SECTION 2.07. Further Assurances. On and after the effectiveness of
this Agreement, B&W shall from time to time, at the request of B&W Opco and at
B&W's expense, execute and deliver, or cause to be executed and delivered, such
other instruments of conveyance and transfer and take such other actions as B&W
Opco may reasonably request, in order to more effectively consummate the
transactions contemplated hereby and to vest in B&W Opco title to the
Contributed Assets.
ARTICLE III
Assumption of Liabilities
SECTION 3.01. Assumption of Liabilities. Upon the effectiveness of this
Agreement, B&W Opco agrees to assume, satisfy, perform, pay and discharge each
of the Assumed Liabilities.
SECTION 3.02. Further Assurances. (a) On and after the effectiveness of
this Agreement, B&W Opco shall from time to time, at the request of B&W, take
such actions as B&W may reasonably request, in order to more effectively
consummate the transactions contemplated hereby, including the assumption of the
Assumed Liabilities by B&W Opco. The parties intend that any payment or accrual
by B&W Opco of any Assumed Liabilities shall be deductible by B&W Opco for all
Tax purposes to the extent provided by applicable law. If B&W Opco receives a
refund or credit or accrues an offset to Tax relating to Pre-Closing Tax
Periods, B&W Opco shall pay to B&W within 20 days of such receipt or accrual the
amount of such refund, credit or offset to Tax.
(b) B&W and B&W Opco shall cooperate in good faith, and shall cause
their respective officers, directors, affiliates, employees, agents, auditors
and representatives to cooperate in good faith, in all matters relating to
Taxes, including by maintaining and making available to each other all books and
records necessary in connection with Taxes.
ARTICLE IV
Employee Matters
SECTION 4.01. Transfer of Employment to B&W Opco. (a) Upon the
effectiveness of this Agreement, (i) B&W Opco shall assume and honor all terms
and conditions of employment (including under any applicable labor or collective
bargaining agreement) in respect of the Employees to the extent required to
accomplish the transfer of employment of the Employees to B&W Opco in connection
with the Asset Contribution and Assumption of Liabilities and (ii) B&W and B&W
Opco agree to take or cause to be taken such actions as are reasonably
practicable (including the assumption, if necessary, of Liabilities relating to
the employment of Employees) such that the employment of the Employees will
transfer to B&W Opco at such time (the "Employment Transfer Time").
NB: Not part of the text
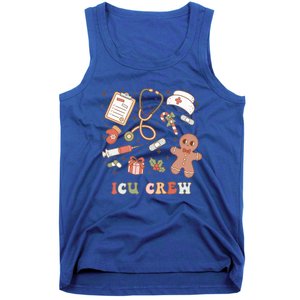 Retro Icu Crew Christmas Nurse Intensive Critical Unit Xmas Great Gift Tank Top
B&W Opco
shall offer to employ and continue the employment of each Employee at the same
salary and wages payable by B&W and the Included Subsidiaries to such Employee
immediately prior to the Employment Transfer Time and shall maintain terms and
conditions of employment which replicate those provided by B&W and the Included
Subsidiaries immediately prior to the Employment Transfer Time as and to the
extent required by applicable Law or as a result of negotiation with applicable
unions.
(b) If any Employee requires a work permit or employment pass or other
approval for his or her employment to continue with B&W Opco following the
Employment Transfer Time, B&W Opco shall use its reasonable best efforts to
ensure that any necessary applications are promptly made and to secure the
necessary permit, pass or other approval.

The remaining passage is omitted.